Vom BSR-Leibchen ans Mischpult
Unseren ersten Halt machen wir auf einer Bank am Langen See. Mit Blick auf die Regattastrecke erzählt Braemer davon, wie er als Abteilungsleiter in einer Autofirma vor 15 Jahren mit der Musik angefangen hat. In den 90ern war er einer der wenigen hundert Revolutionäre, die auf der Loveparade durch Berlin ravten und sich mit Gasmasken und BSR-Jacken in Ekstase tanzten. Den Ursprung des Hypes um das, was heute alle Electro nennen, sieht Braemer in dieser Zeit. Irgendwann legte er selbst auf, war aber erst zufrieden, als er sein Talent nutzen und selbst Platten produzieren konnte. „Mädchenmusik“, wie er sie nennt. Weil „ist doch schön, wenn 70 Prozent Mädels vor dir stehen!“
Ein merkwürdiges Szenario ist das, wie vor uns die Sonnenstrahlen auf der Dahme tanzen während Sascha von seinem Leben abseits dieses Ruhepols erzählt. „Die letzten drei Jahre sind so schnell vergangen, das war wie ein Rausch. Und plötzlich wachst du auf und denkst: ‚Oh Mensch, ich bin ja Vater'“, gesteht der DJ. „No Home“ beschreibt seine vielen Reisen: Es geht ums Abheben, Abdriften und Ankommen, um Flugangst, kalte Duschen nach zu wenig Schlaf und die Geburt seiner Tochter. Und weil Braemer die halbe Woche für Gigs in der Welt herumtourt, braucht er in Berlin keine Party mehr. Trotzdem hat er seine Favoriten in Berlins Clubszene: Das Watergate, mit seinem fetten Sound oben und dem geilen Blick auf dem unteren Floor oder das Sisyphos, erst recht wenn der Garten voller Menschen ist. Und auch der Kater gehöre nach wie vor dazu.
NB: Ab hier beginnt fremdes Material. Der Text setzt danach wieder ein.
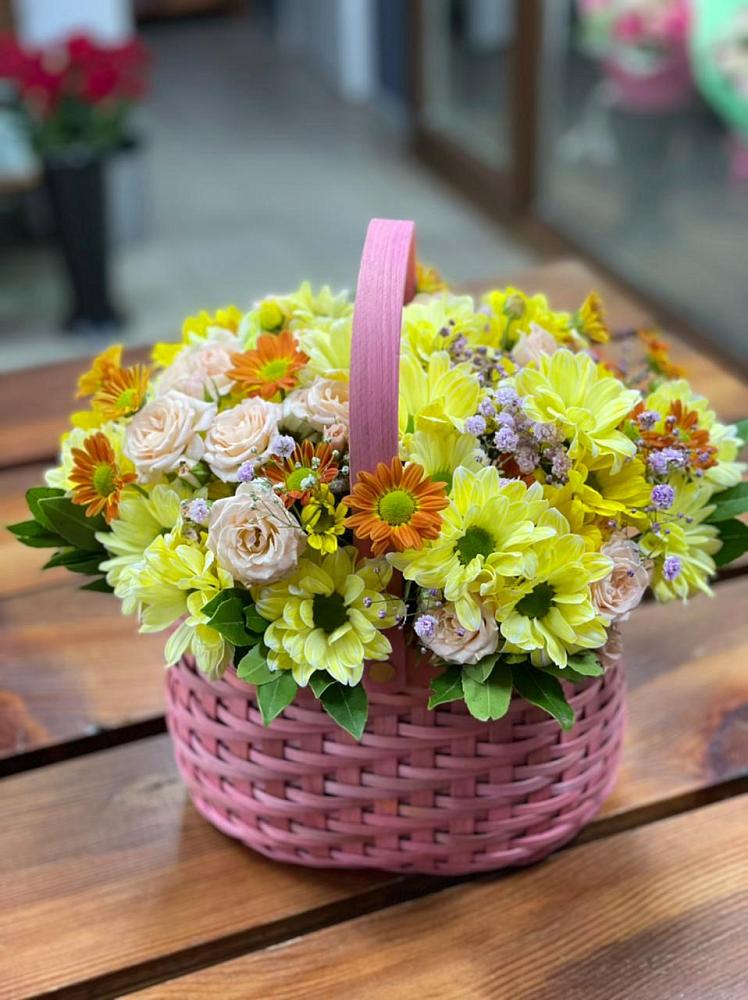 Цветочная композиция из Хризантемы и Розы в корзине в Калачинске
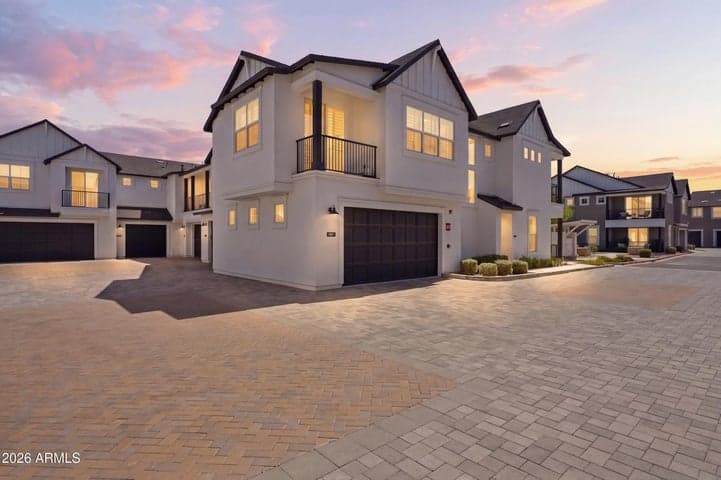 11300 N CASA DEGA Drive #1013, Surprise, AZ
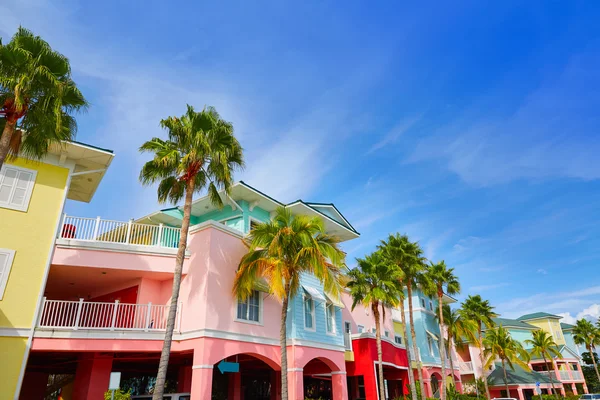 Florida Fort Myers fachadas coloridas palmeras — Foto de Stock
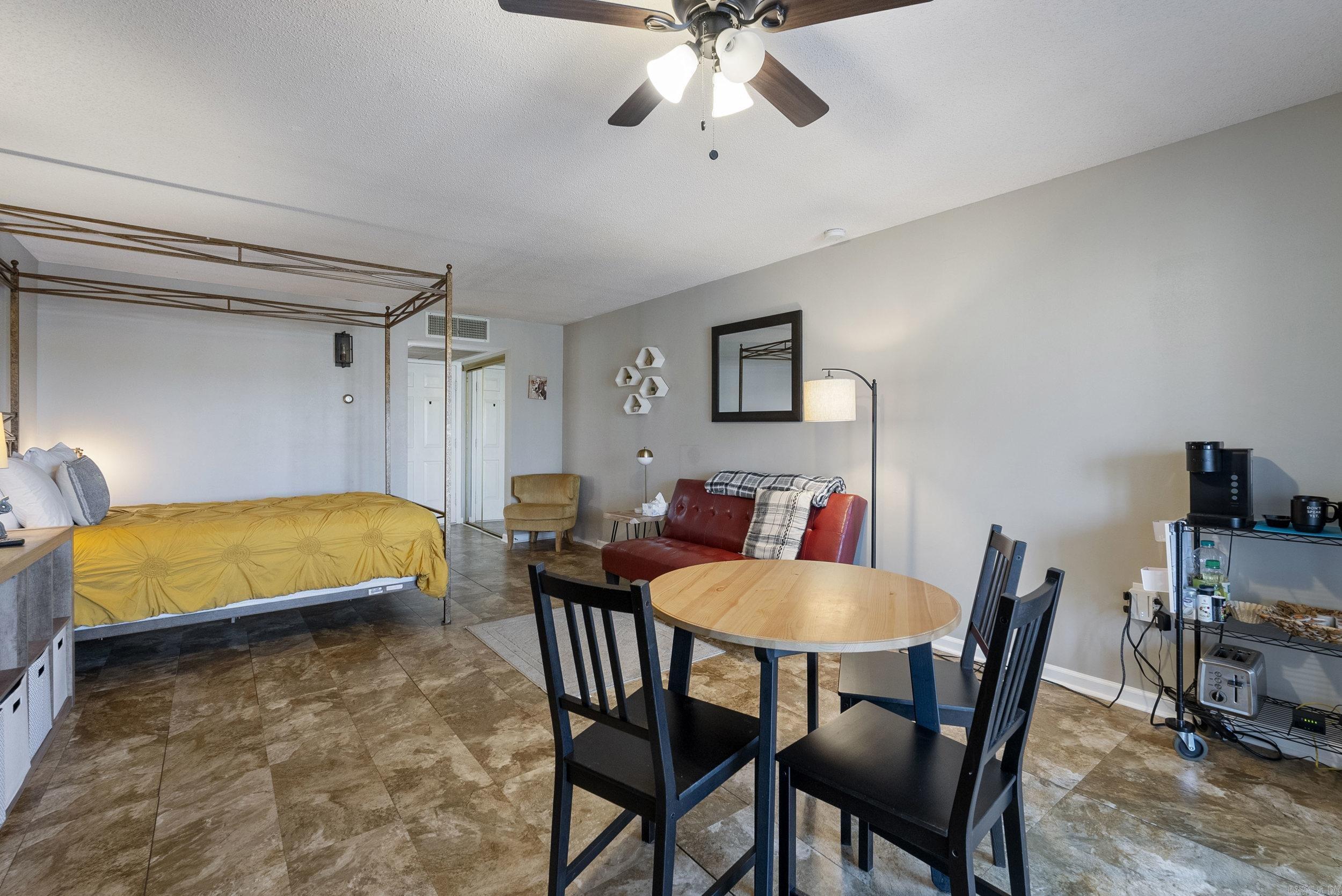 SUMMERHILL PLACE CONDOS - Residential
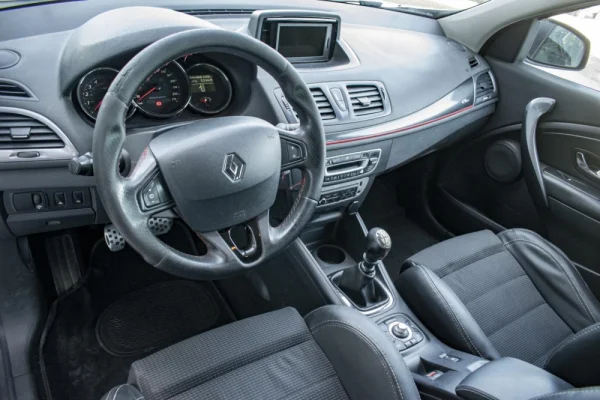 Renault Mégane Sport Tourer 1.6 dCi GT Line 10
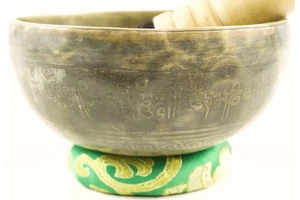 600 grammos tibeti mantrás hangtál 7 fémből zöld brokát alátéttel-videóval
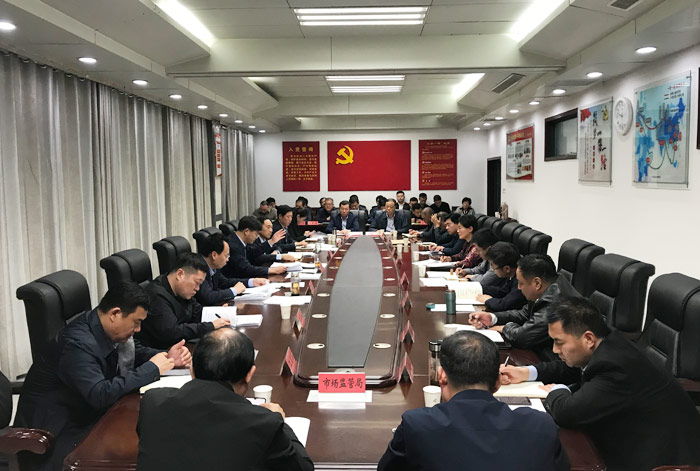 縣委副書記、縣長張團(tuán)結(jié)查看我縣園林城文明城創(chuàng)建迎檢準(zhǔn)備工作開展情況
„Wenn halbe Ente, dann nur da!“
Wenn ihn nicht der Bass zum Schwitzen bringt, lässt der Musiker sich von einem Personal Trainer durch Köpenick treiben oder fährt mit dem Fahrrad durch den Wald. Heute spaziert er entspannt mit uns die Strecke entlang, für die man mit dem Rad eine Stunde braucht. Schnell wird klar, dass Braemer zu einem Thema viel zu sagen hat: „Essen ist mit das Wichtigste überhaupt!“ In seinem Heimatbezirk Alt-Treptow gönnt sich der Gourmet Burger oder ein Steak im White Trash. Für einen Besuch bei seinem Lieblings-Thai fährt er sogar bis zum Araya Thai am Kürfürstendamm. „Der macht nicht auf Schickimicki und Euroasia, sondern ist einfach authentisch und gut“. Für ein Rührei-Frühstück in Köpenick könne er die Seeterrassen empfehlen, für ein Schnitzel mit Spargel legt der Hobbymatrose auf einer Bootstour zum kleinen Müggelsee manchmal an der Weißen Villa in Friedrichshagen an. Und ab und an sei auch der Ratskeller in Köpenicks Altstadt ein Muss: „Wenn Ratskeller, dann halbe Ente. Und wenn halbe Ente, dann nur da!“
Die schöne Ruhe Köpenicks
Nach ein paar Kindheitserinnerungen machen wir uns wieder auf den Weg in die Zivilisation und quatschen bei einem letzten Blick auf das im Sommer meist überfüllte Seebad Wendenschloss über Berlins Türpolitik, falsche Vorurteile in der Großstadt und die eine oder andere Überheblichkeit in Szenebezirken wie Friedrichshain und Prenzlberg. „Ich bin so froh, dass ich hier bin, wo es sowas nicht gibt!“, sagt Braemer dann. Das glauben wir dem sympathischen DJ aufs Wort und freuen uns, dass er am Ende doch ein Zuhause gefunden hat.